Why does Google think the Google Labs page – i.e. http://labs.google.com/ – is written in Japanese?
Need me to explain what I mean? Here goes...
Check this search out in Google:
http://www.google.com/search?q=labs.google.com
The [ Translate this page] link next to the result links to Google's machine translation of the page, which says in the header:
<< This page has been automatically translated from Japanese. BETA >>
The cached version obviously isn't Japanese either:
http://www.google.com/search?q=cache:labs.google.com
How come their language detection is so wrong for this page? |
Easy. It contains this:
Googleサジェスト日本語版 (Google Suggest in Japanese) 検索窓に入力中に、検索用語の候補が表示され、矢印キーで選択することができます。 3/8/05 – ご意見 – ディスカッション
|
Good point – but that's just one line. So why would they go with a minority?
Or are they clever enough to be able to identify when a small section of a page is in another language in order to translate just that section? |
Yeah, I noticed that. But I wonder if that works with other languages too.
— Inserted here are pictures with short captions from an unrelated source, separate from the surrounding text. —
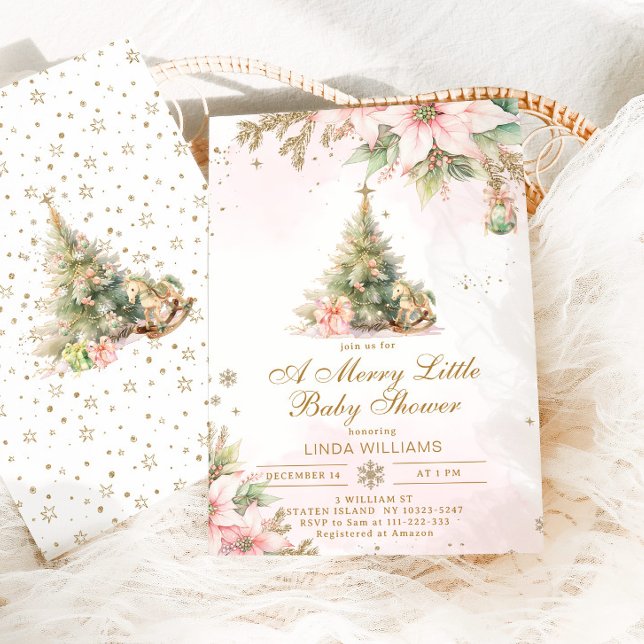 Invitation Un joyeux petit baby shower en or rose Noël (Créateur téléchargé)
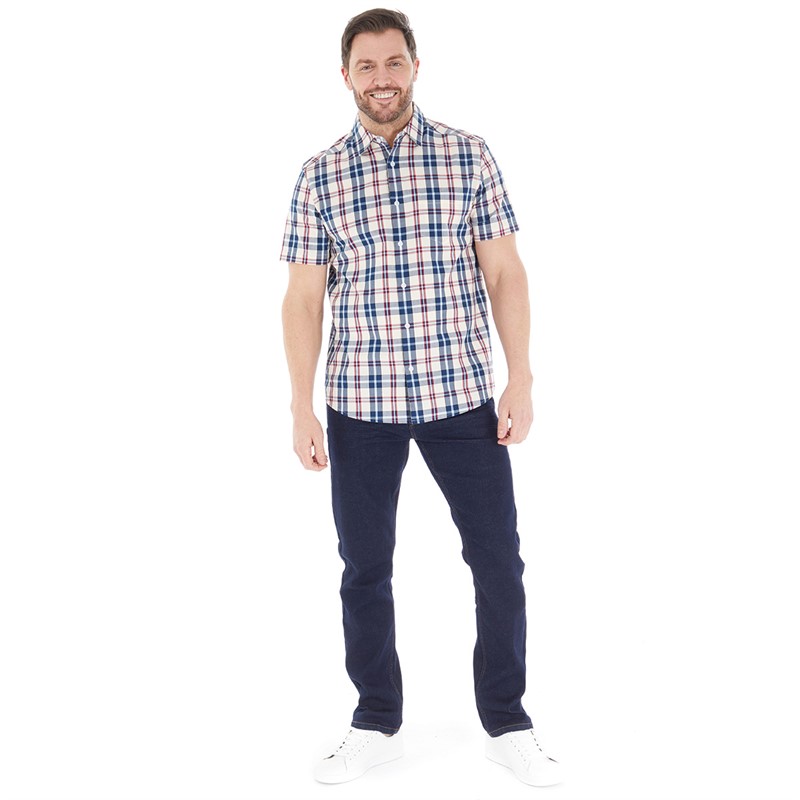 Kangaroo Poo Mens Checked Shirt Ecru Multi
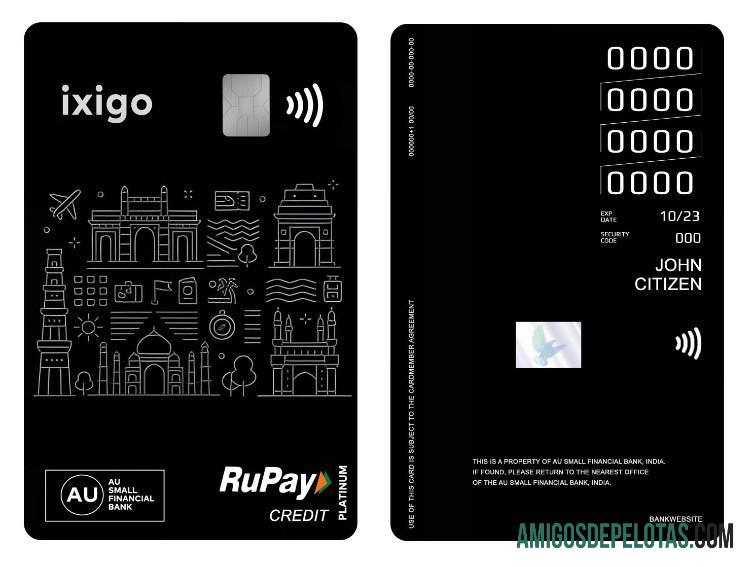 India AU Small Financial bank RuPay platinum Kredit vertical kartu makering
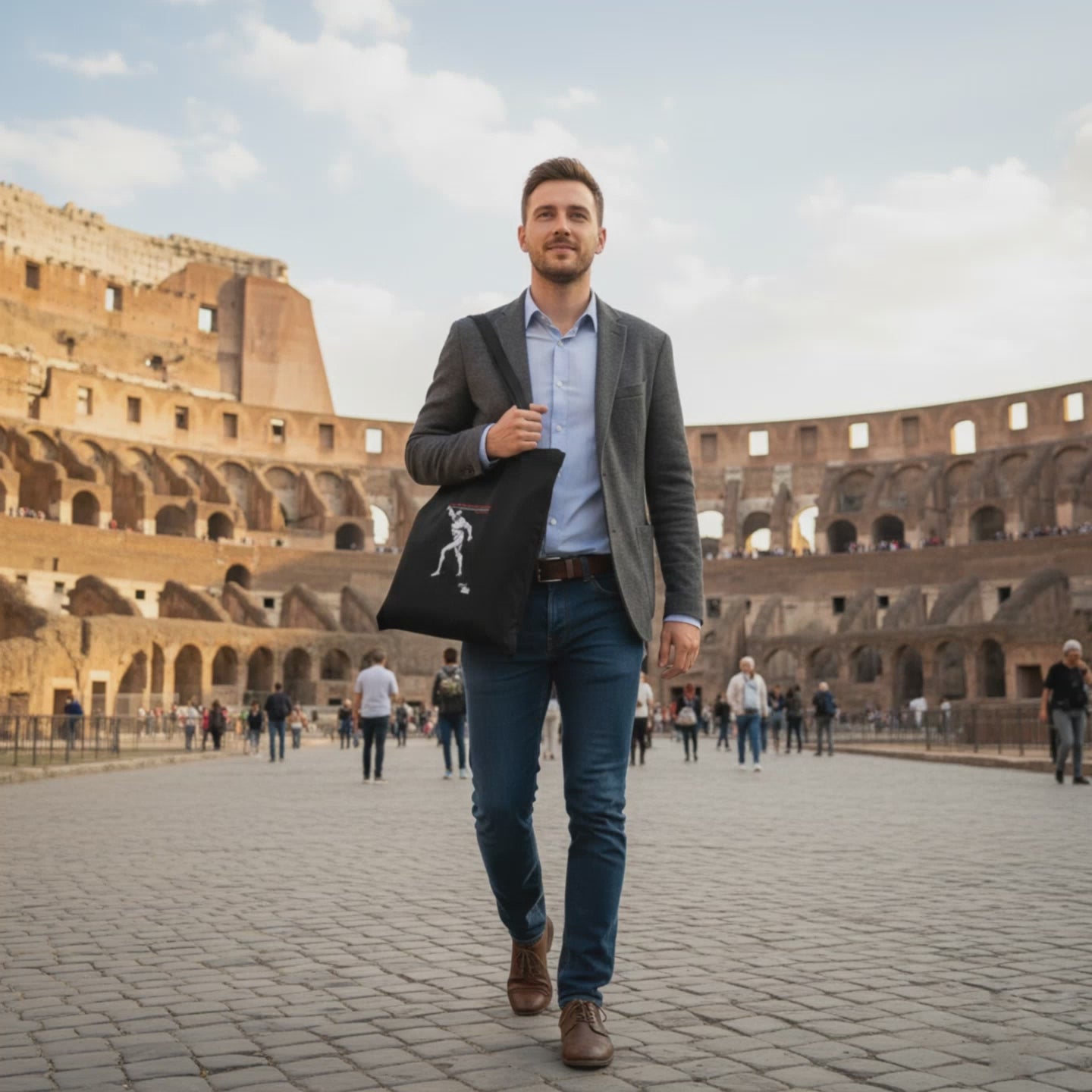 Design ispirato a Spartacus su borsa nera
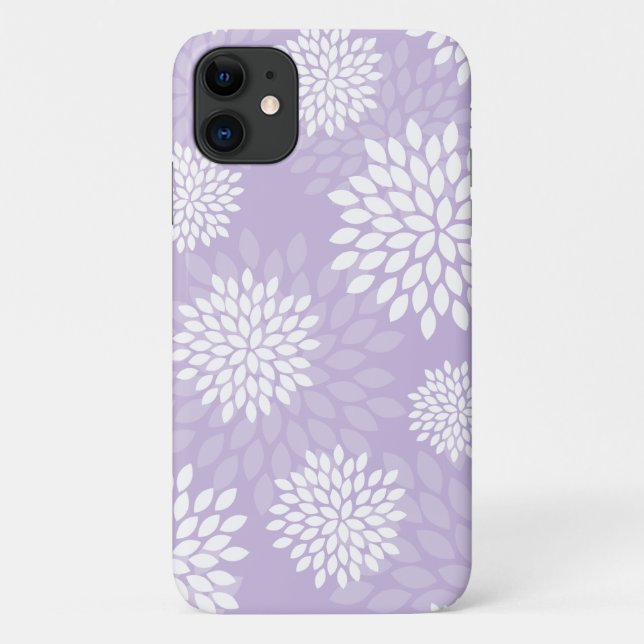 Purple Chrysanthemums Floral Pattern Case-Mate iPhone Case (Back)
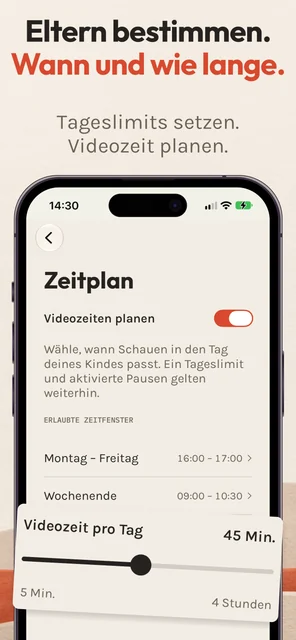 Drei PaceFox-App-Store-Motive zu Videozeit, Limits und Kinderprofilen.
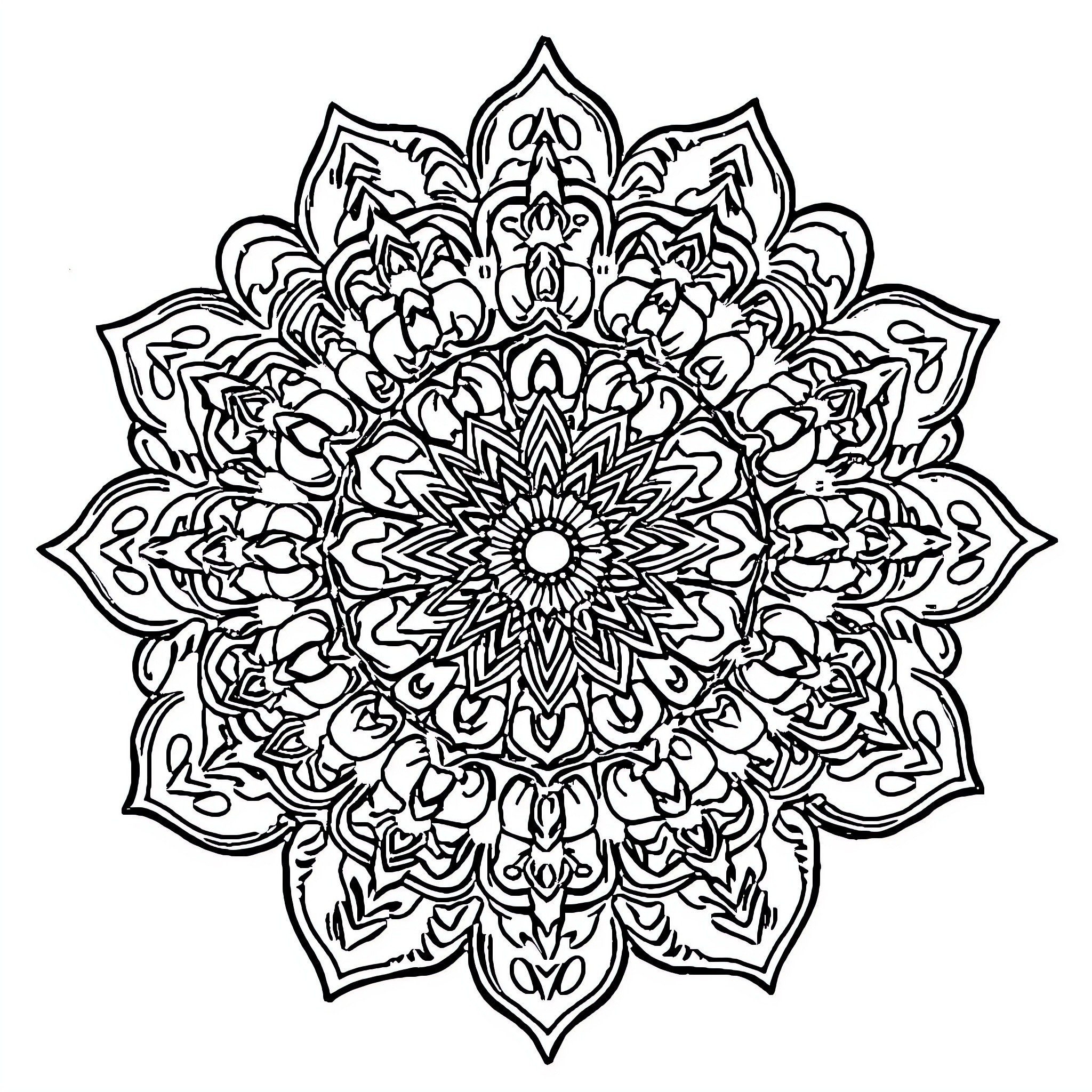 Mandala with intricate floral patterns and symmetrical design Coloring Page (free black-and-white line drawing printable PDF for all, from beginners to advanced learners, including children, teens, adults, and seniors)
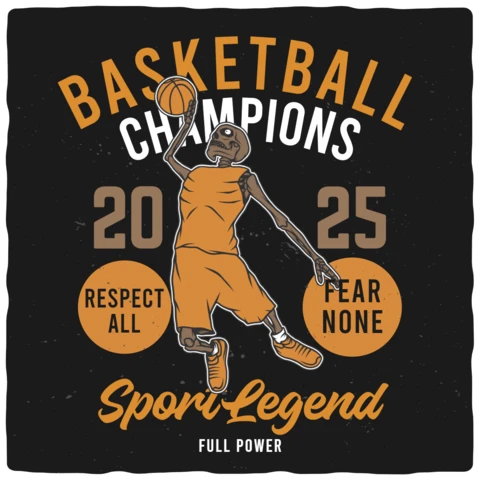 Skeleton Basketball Champions T-shirt Design Template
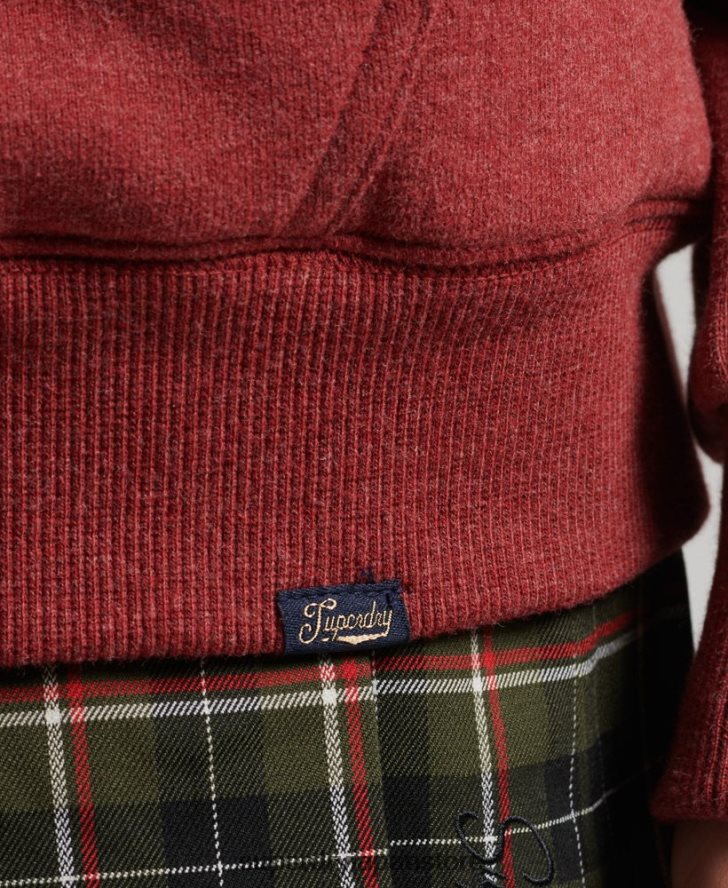 エッセンシャルボーグ裏地付きジップパーカー 女性 Superdry 衣類 赤 2J62PZ5779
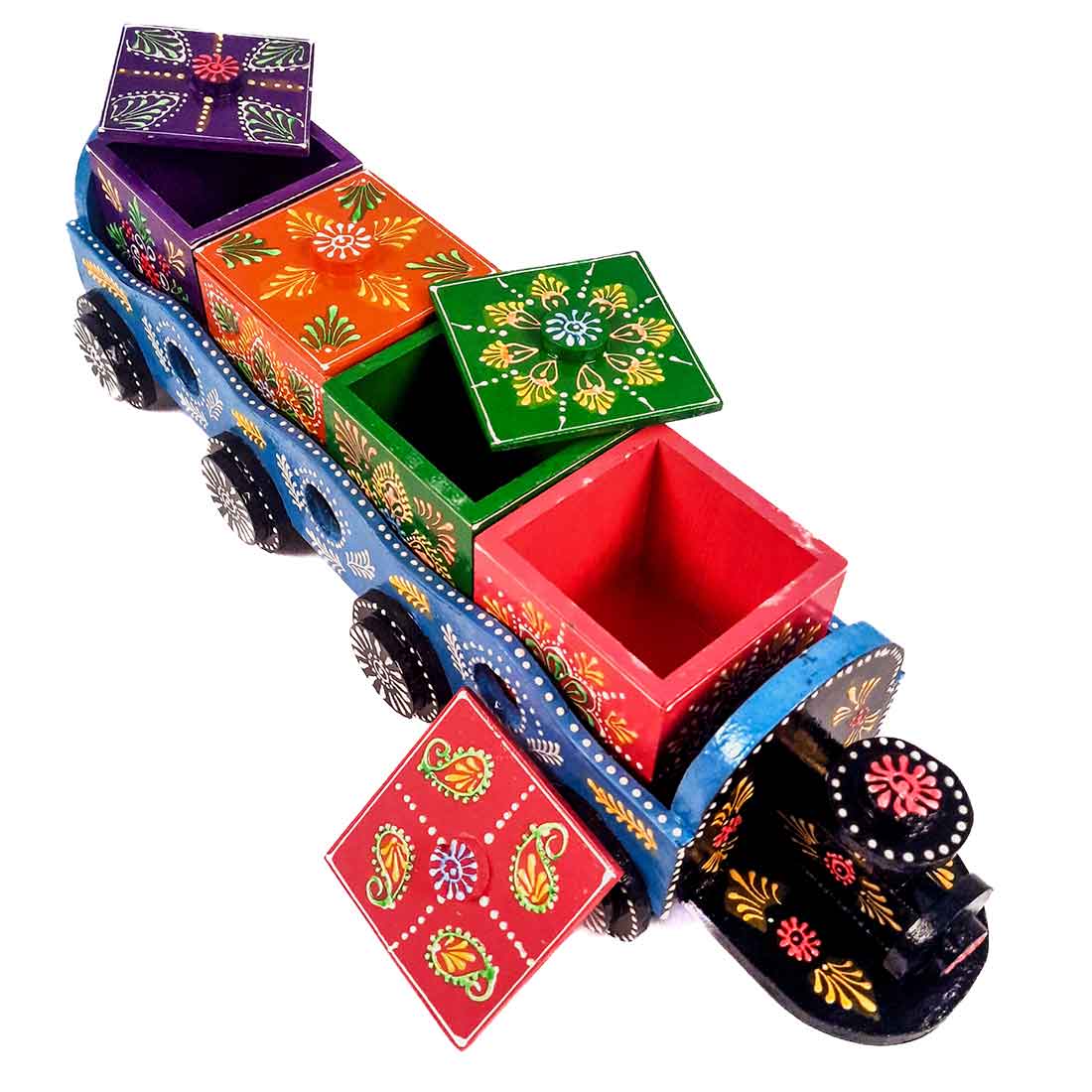 Dry Fruit Box | Wooden Box Engine Design - For Serving & Table Decor - ApkaMart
(It's pretty easy to ignore Latin characters when translating from Japanese into English because you're looking for a different character set.) |
Hmm. Quite clever. (It has translated some of the English words that also happen to be French though, even though their surrounding words haven't been translated.)
However, Google doesn't recognise that page as being French, despite it containing more French that the Labs page does Japanese:
http://www.google.com/search?q=http%3A%2F%2Fforum.wordreference.com%2Fshowthread.php%3Ft%3D56002
I don't think this behaviour is intentional. I think it's just lucky... |
Another strange behavior: Google marked some of my pages as Chinese just because they were linked from a Chinese site. And I don't speak Chinese.
http://www.google.com/search?as_q=&num=10&hl=en&client=firefox&rls=org.mozilla%3Aen-US%3Aunofficial&btnG=Google+Search&as_epq=&as_oq=&as_eq=&lr=lang_zh-CN&as_ft=i&as_filetype=&as_qdr=all&as_nlo=&as_nhi=&as_occt=any&as_dt=i&as_sitesearch=googlesystem.blogspot.com&as_rights=&safe=images |